La negociación sobre el clima bajo la ingeniería de las Naciones Unidas comenzó en 1990. En un cuarto de siglo, no ha tenido apenas incidencia en las realidades internacionales, y aún menos en las emisiones de gases de efecto invernadero, en clara aceleración en el mundo en estos 15 últimos años. La próxima Conferencia Mundial sobre el clima, COP21, del 30 de noviembre al 11 de diciembre en París, podría invertir la tendencia.

En muchos puntos, el contexto parece favorable. En el flanco energético, los progresos tecnológicos hacen accesibles nuevas fuentes renovables a costes competitivos.
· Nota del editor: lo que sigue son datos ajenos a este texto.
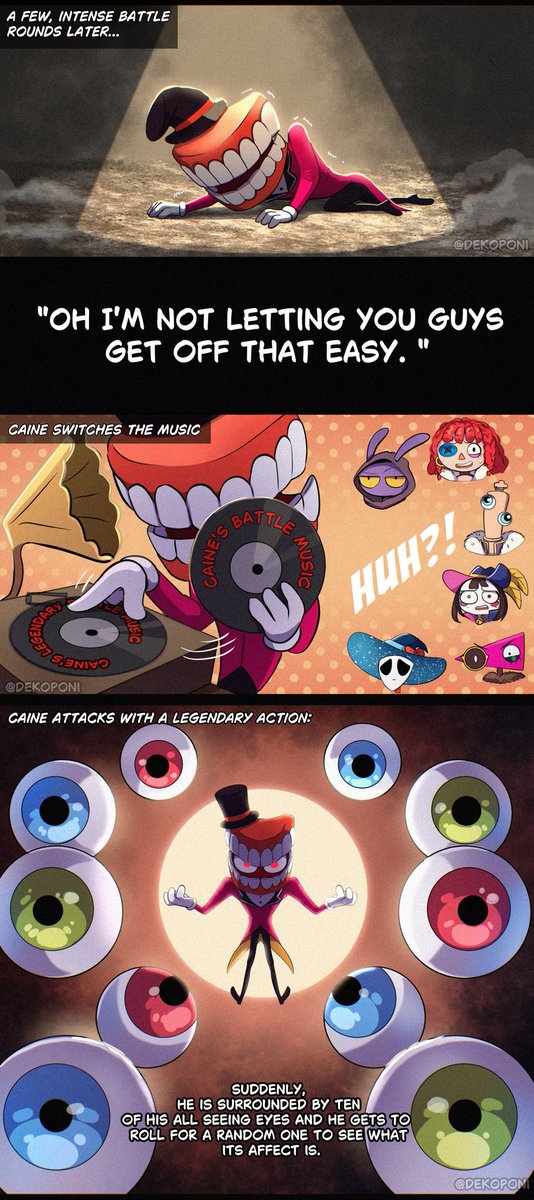 Dekoponi's tweet image. DnD Stream Moments: Final Boss
Part 2 / 3  
Be aware of his all seeing eyes! 
#tadcf #TheAmazingDigitalCircus #cainetadc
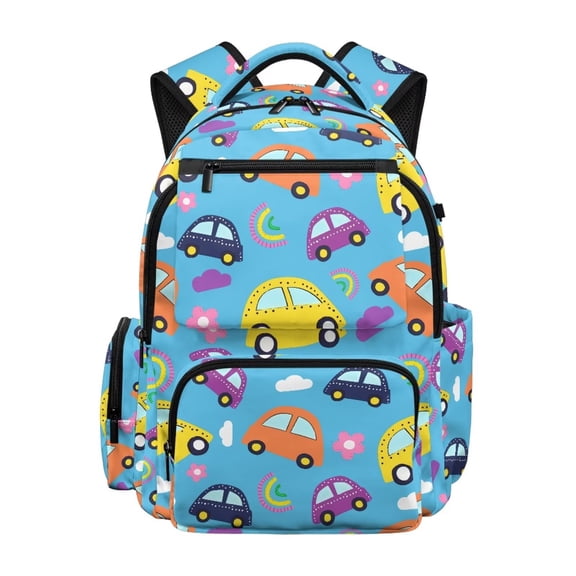 XYZCANDO Car Rainbow 17 Inch Kids Backpacks for Preschool with Adjustable Strap Large Capacity School Backpack Cute for Elementary School Students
Un número creciente de países han comprometido políticas climáticas interiores, e incluso cooperaciones regionales.

Los países emergentes han unido sus estrategias climáticas a la lucha contra las contaminaciones locales, respondiendo a necesidades sanitarias inmediatas. Mejor informados sobre cuestiones climáticas, los actores desarrollan en los territorios muchos experimentos para conciliar desarrollo económico y reducción de emisiones.

Sin embargo, un acuerdo climático ambicioso no podría surgir únicamente de compromisos voluntarios. La lógica de tales acuerdos conduce a subir la posición no tanto en función de las consecuencias climáticas, sino referidas a las estrategias de otros países. De hecho se han provocado comportamientos de pasajeros clandestinos.